** EXCERPTED RECORDS **
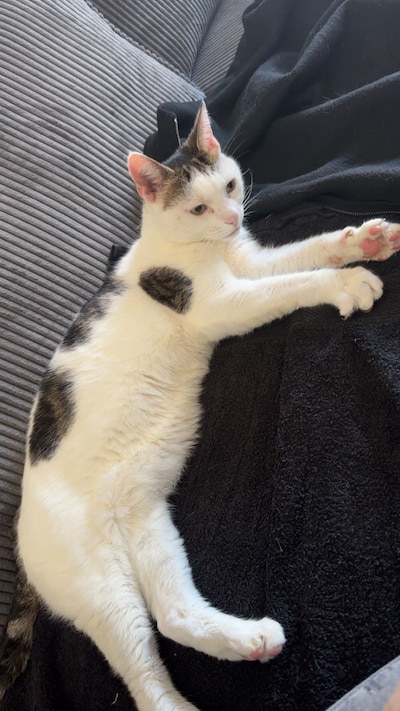 Heb jij Woezel, Dushi of Cookie gezien? Deze drie huisdieren worden in Valkenswaard vermist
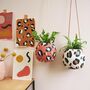 Leopard Print Round Hanging Plant Pots, thumbnail 5 of 10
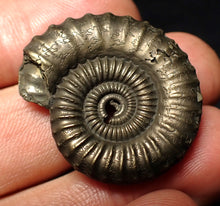 Load image into Gallery viewer, Large Crucilobiceras pyrite ammonite fossil (32 mm)
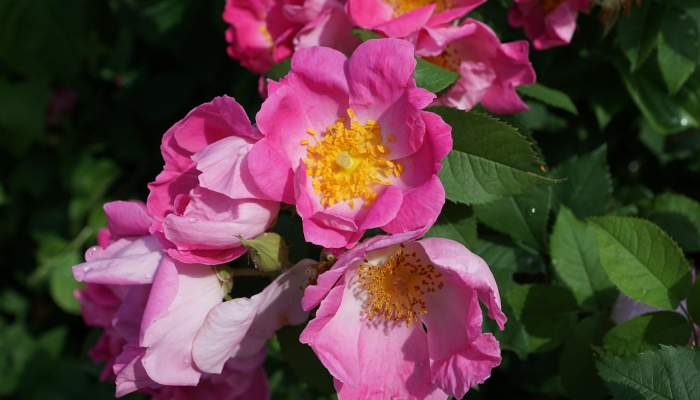 最新教你“中至上饶麻将开挂神器”其实确实有挂 最新教你“中至上饶麻将开挂神器”其实确实有挂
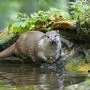 Fische stehen am Speiseplan des Otters ganz oben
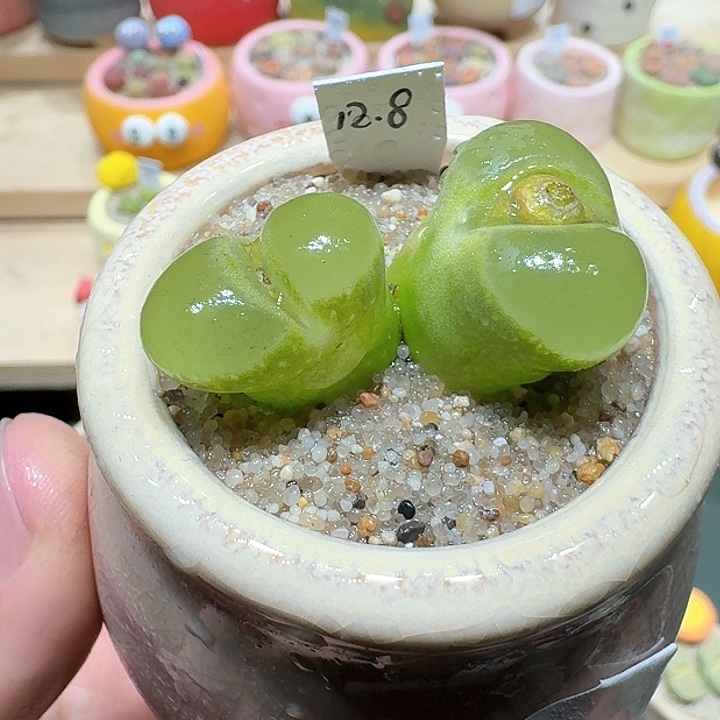 红陶蘑菇517风铃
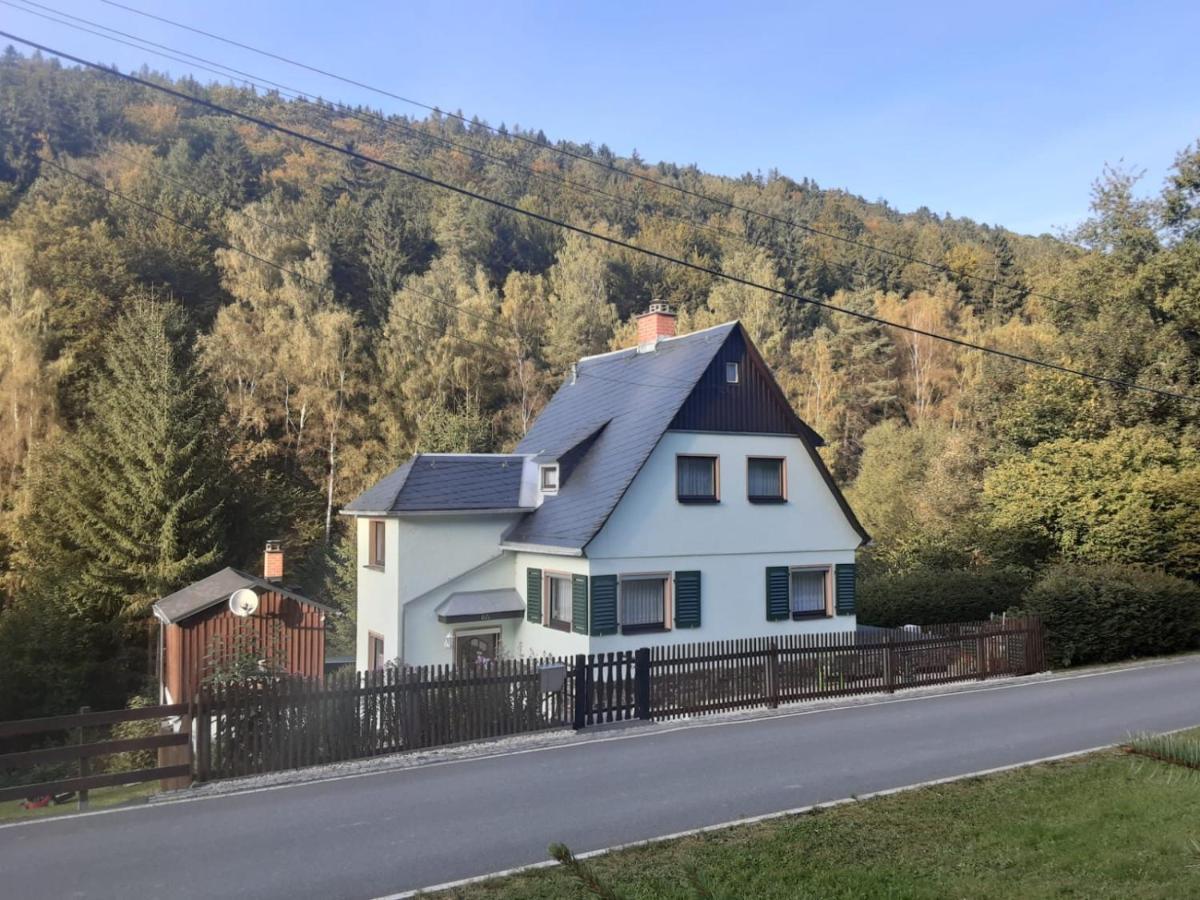 Ferienhaus Rosemarie Erlbach Vogtland Exterior foto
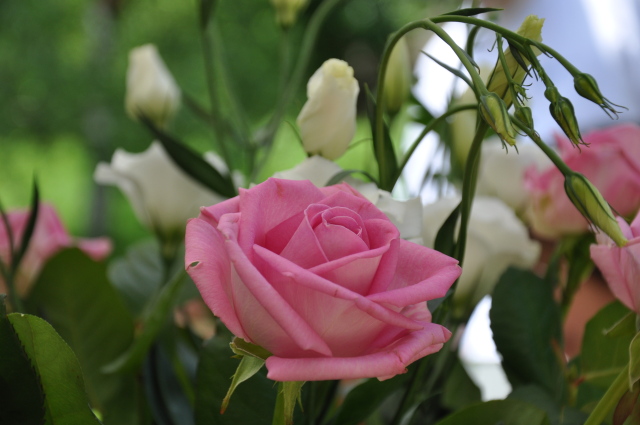 Diapositive 2_dsc_0170.jpg 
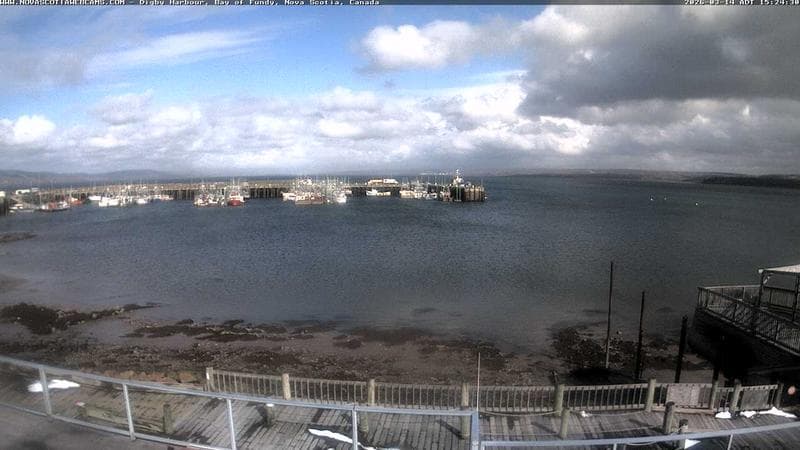 Digby Harbour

** INSTRUCTIONS TO FOLLOW **
Write out the entries above verbatim; the pictures do not belong in your copy.

** EXERCISE RESPONSE **
 Heb jij Woezel, Dushi of Cookie gezien? Deze drie huisdieren worden in Valkenswaard vermist
 Leopard Print Round Hanging Plant Pots, thumbnail 5 of 10
 Load image into Gallery viewer, Large Crucilobiceras pyrite ammonite fossil (32 mm)
 最新教你“中至上饶麻将开挂神器”其实确实有挂 最新教你“中至上饶麻将开挂神器”其实确实有挂
 Fische stehen am Speiseplan des Otters ganz oben
 红陶蘑菇517风铃
 Ferienhaus Rosemarie Erlbach Vogtland Exterior foto
 Diapositive 2_dsc_0170.jpg 
 Digby Harbour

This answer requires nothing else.